FIG. 6 shows the examination results of MACS (registered trademark). It was found that there was a difference between the Flow Through that flowed out without reacting with the GS1 antibody and the Elution that flowed out from the antibody after reacting with the GS1 antibody.

Next, the types of bacterial cells contained in Flow Time and Elution were confirmed using RT (Real Time) -PCR.

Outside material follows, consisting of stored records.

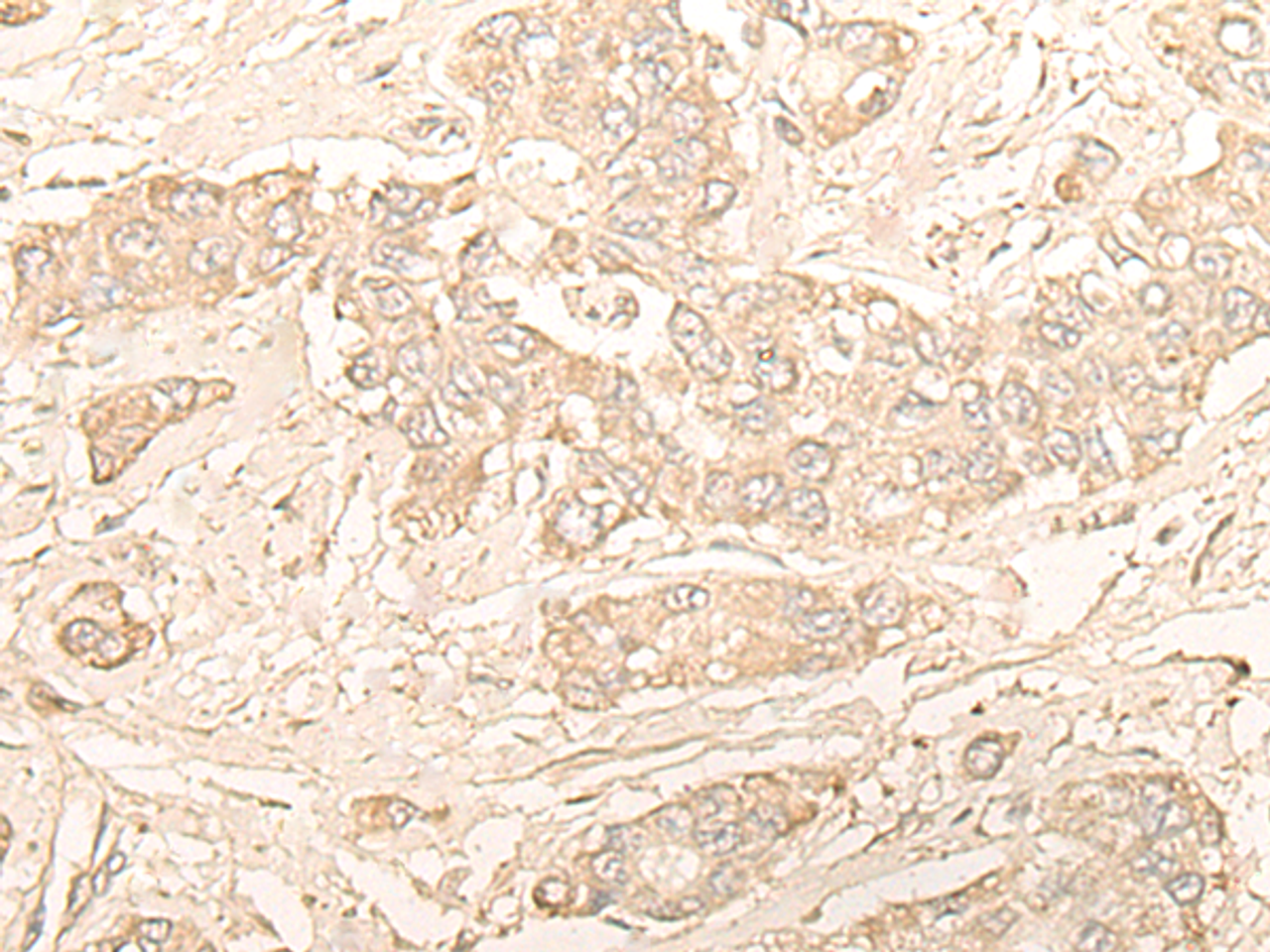 Immunohistochemistry of paraffin-embedded Human liver cancer tissue  using DIMT1 Polyclonal Antibody at dilution of 1:30(×200)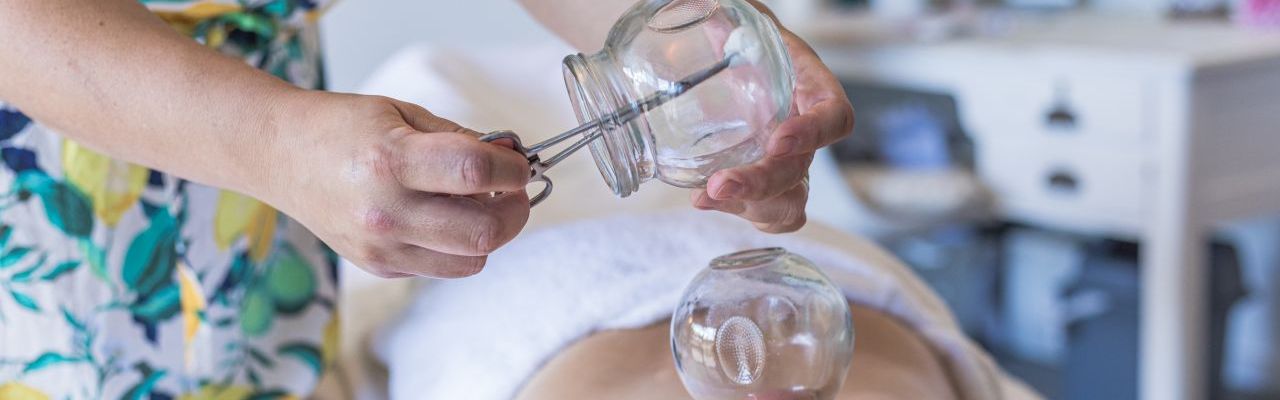 Cupping Therapy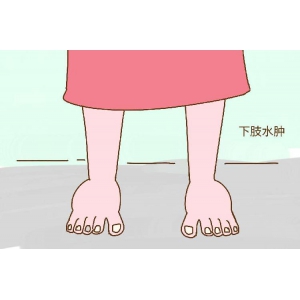 尿毒症脚肿怎么回事
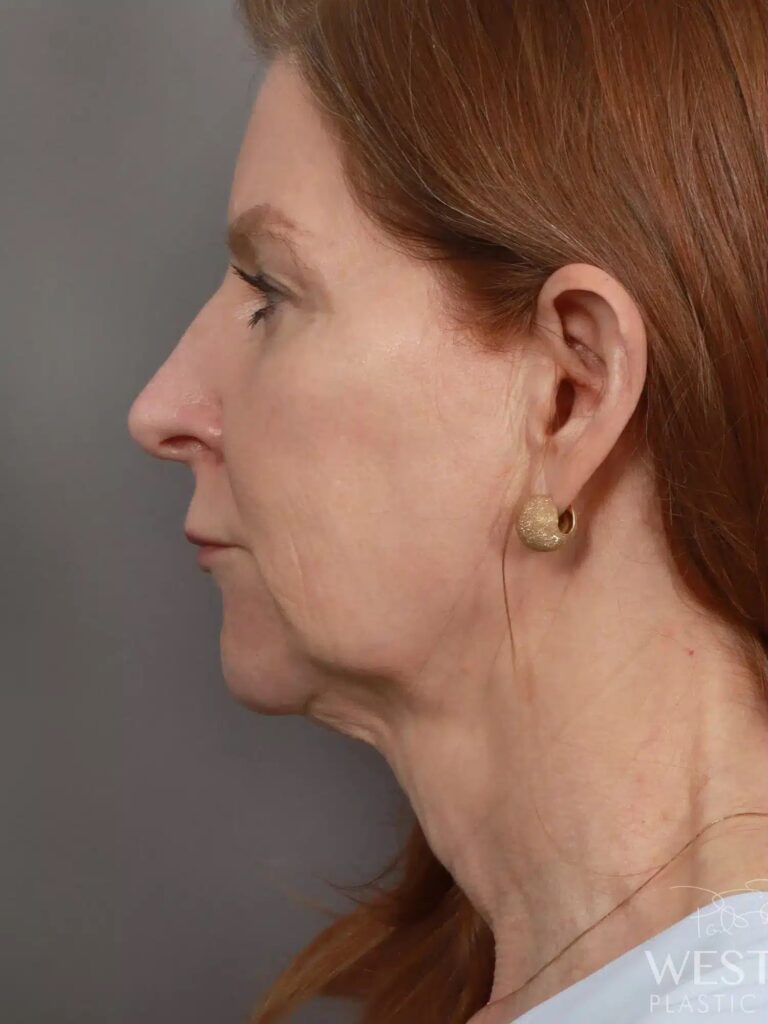 Before Image: Deep Plane Facelift & Neck Lift, Brow Lift, Upper Eyelid Lift, Fat Grafting, and CO2 Resurfacing (5 Months Post-Op) - left-side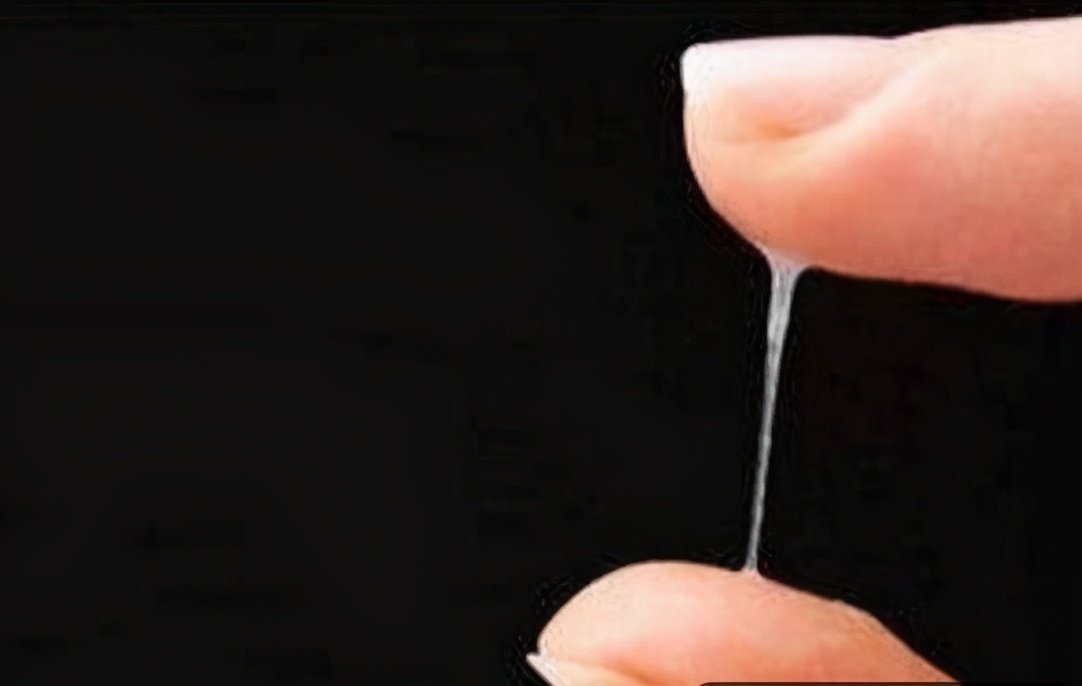 妇科炎症白带发黄怎么回事,妇科炎症白带像浆糊怎么治疗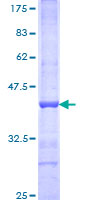 ab161338 on a 12.5% SDS-PAGE stained with Coomassie Blue.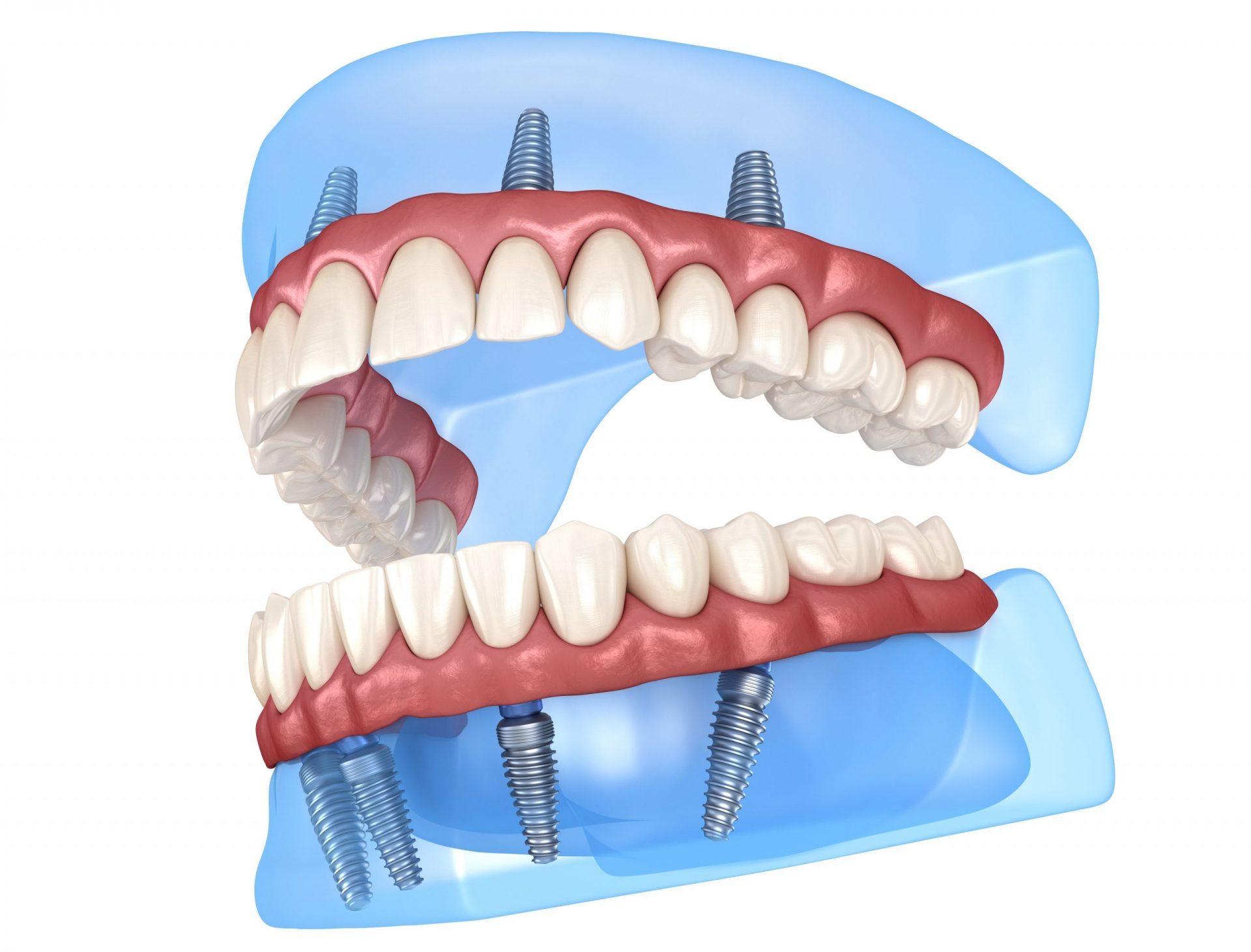 Teeth-In-A-Day: Everything You Need to Know About All-On-4®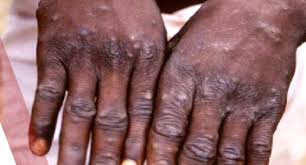 It can be transmitted through respiratory droplets, contact with body fluids or contact with an infected animal or animal products. Bayelsa Monkeypox Patient Takes Life In Hospital Daily Times Nigeria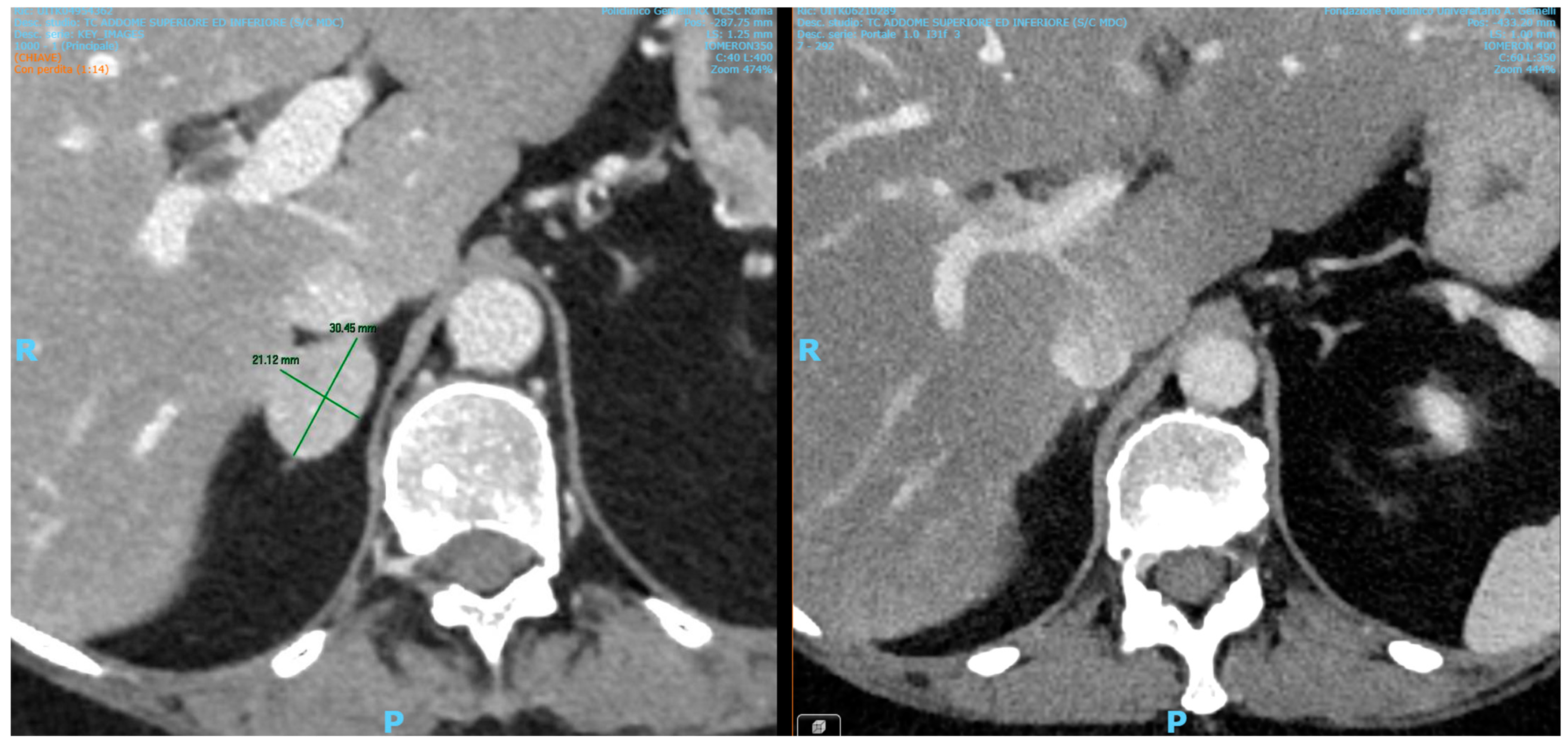 Diseases 13 00020 g001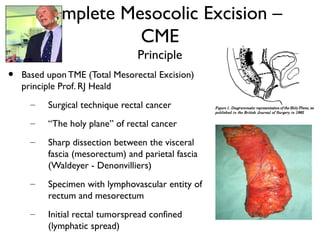 Complete Mesocolic Excision –
CME
Principle
• Based upon TME (Total Mesorectal Excision)
principle Prof. RJ Heald
– Surgic...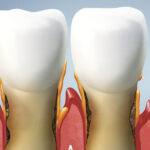 periodontite agressiva o que é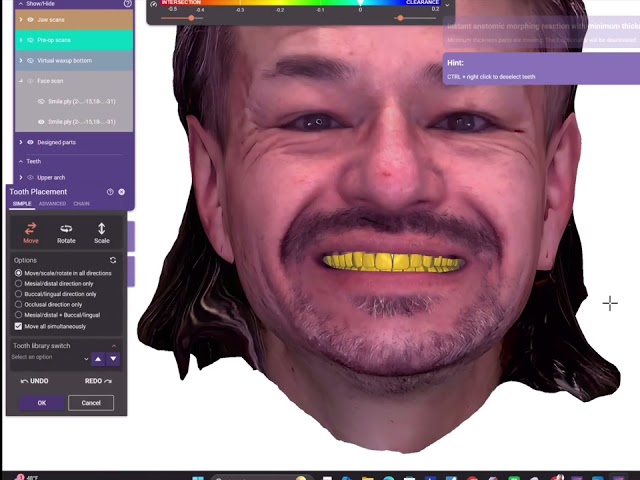 Digital denture workflows explained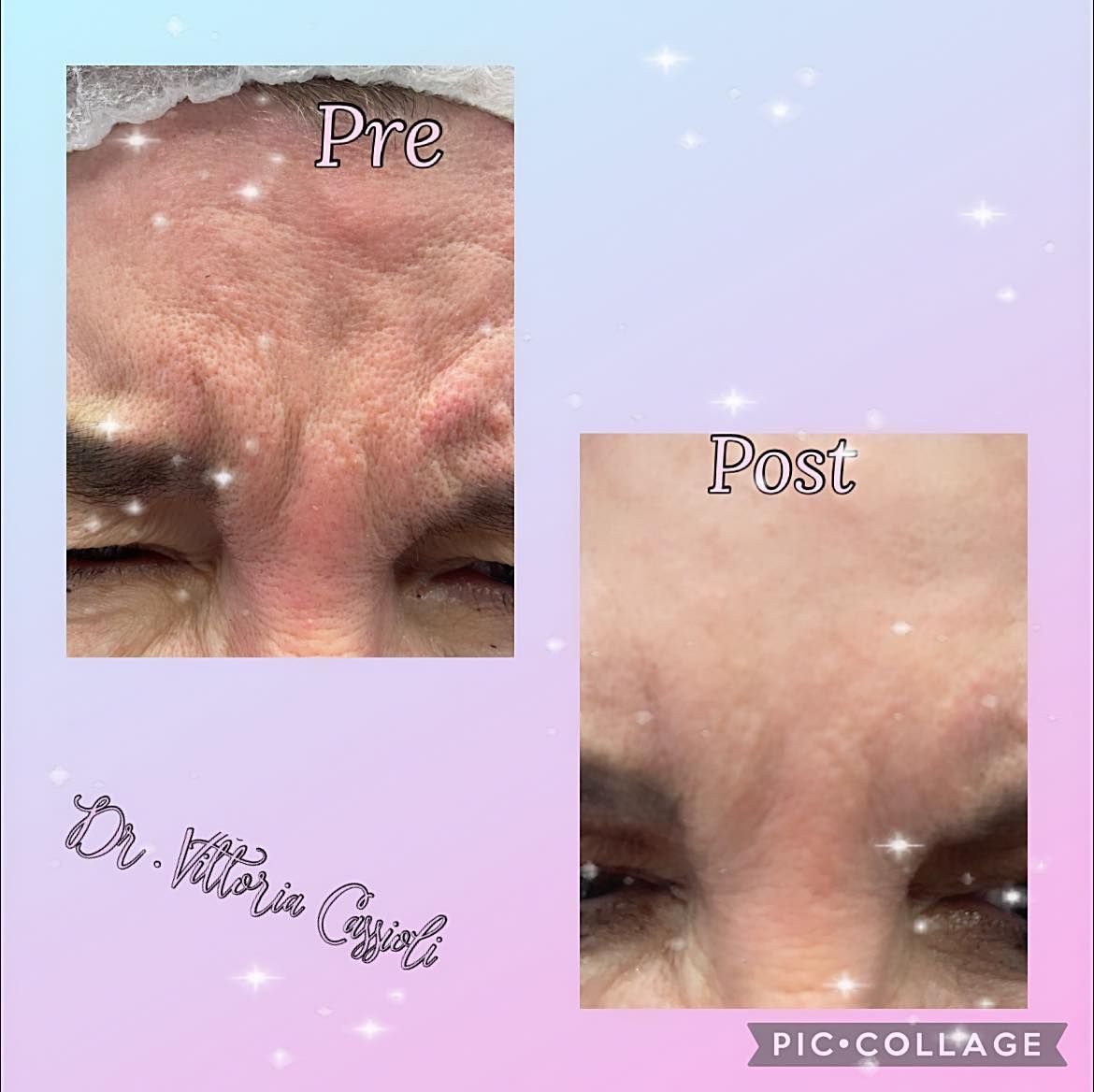 Vittoria Cassioli-66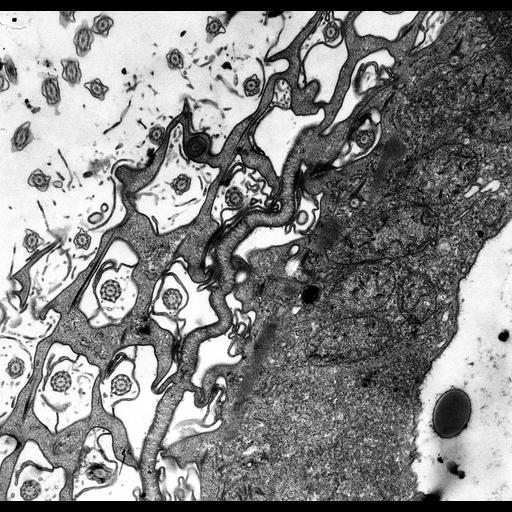  NCBI Organism:Paramecium multimicronucleatum; Cell Types:cell by organism, eukaryotic cell, , ; Cell Components:cytoproct, cell cortex, cytoplasm; Biological process:cortical cytoskeleton organization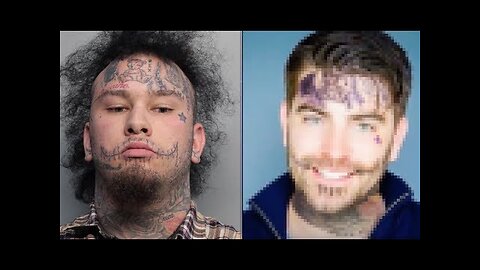 Rapper Stitches Face Tattoos on Michael McCrudden | Photoshop Tattoo Removal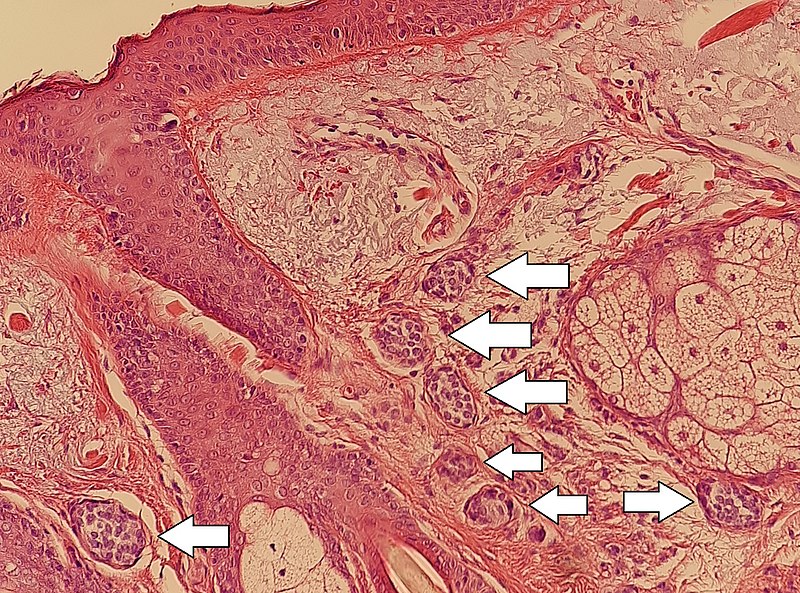 File:Histopathology of a dermal nevus.jpg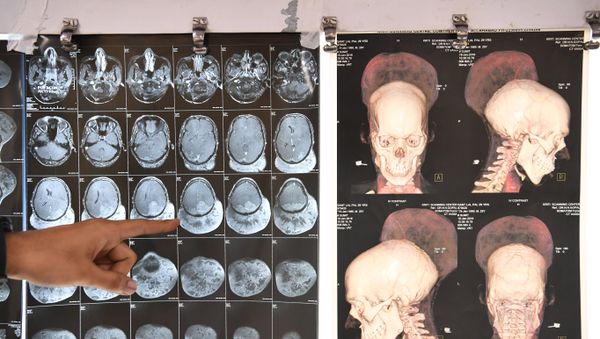 Indian doctor Ramanuj Kabra points to brain scans of Santlal Pal, 31, at the BYL Nair hospital in Mumbai on February 22, 2018 - Sputnik International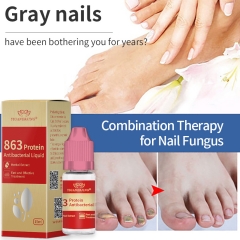 YIGANERJING 863 Nail Growth Serum - 15ml, formulated to complement 368 Nail Fungus Solution, offers antibacterial, reparative, and therapeutic benefits for healthier and visually appealing nails.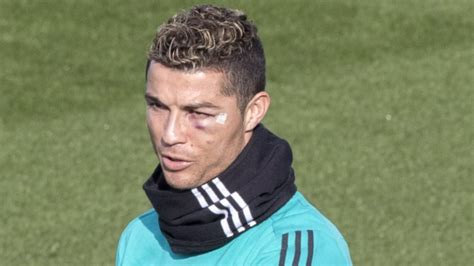 Cristiano Ronaldo po kontuzji Wygląda jak po nokaucie ZDJĘCIA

400 μL of TE10 buffer (10 mM Tris, 10 mM EDTA) was added to the cells of Flow Time Sample A and Elution Sample B stored at -80 ° C to dissolve them, and Lysozyme (300 mg / mL) (manufactured by WAKO). Was added in an amount of 20 μL, and the mixture was reacted at 37 ° C. for 8 hours while rotating. Then, 12 μL of purified Achromoptidase (registered trademark) (20000units / mL) (manufactured by WAKO) was added and mixed, and the mixture was further reacted at 37 ° C. for 8 hours while rotating. Then, 50 μL of 10% SDS (pH 7.2) was added and mixed, and then 12 μL of Proteinase K (25 mg / mL) (manufactured by MERCK) was added and incubated overnight at 55 ° C. After incubation, 500 μL of Phenol / Chloroform / Isoamyl alcohol (25: 24: 1) was added, and the mixture was stirred at a maximum speed of 3 min using a Micro Mixer (manufactured by TAITEC), and then centrifuged at 17,800 × g, 10 min, and 20 ° C. Separation was performed and the supernatant was collected. To the supernatant, 500 μL of Phenol / Chloroform / Isoamyl alcohol was added again, and the supernatant was collected after stirring and centrifuging in the same manner. 40 μL of 3M Sodium Acatete was added to the collected supernatant, mixed, 1 mL of chilled 100% Ethanol was added, and the mixture was stirred with vortex and allowed to stand at −80 ° C. for 1 hour. Then, the mixture was centrifuged at 17,800 × g, 10 min, and 4 ° C., the supernatant was discarded, 500 μL of 70% ethanol was added, and the mixture was inverted and mixed. Centrifugation at 17,800 × g, 10 min, 4 ° C. was performed, the supernatant was discarded, and the water content in the tube was evaporated by a centrifugal evaporator. The remaining precipitate is purified nucleic acid. To the precipitate, 100 μL of TE10 is added, and after stirring for 1 min at the maximum speed using a Micro Mixer, 80 μL is transferred to another tube, 1 μL of RNaseA (10 mg / mL) is added, and 37 Incubated overnight at ° C.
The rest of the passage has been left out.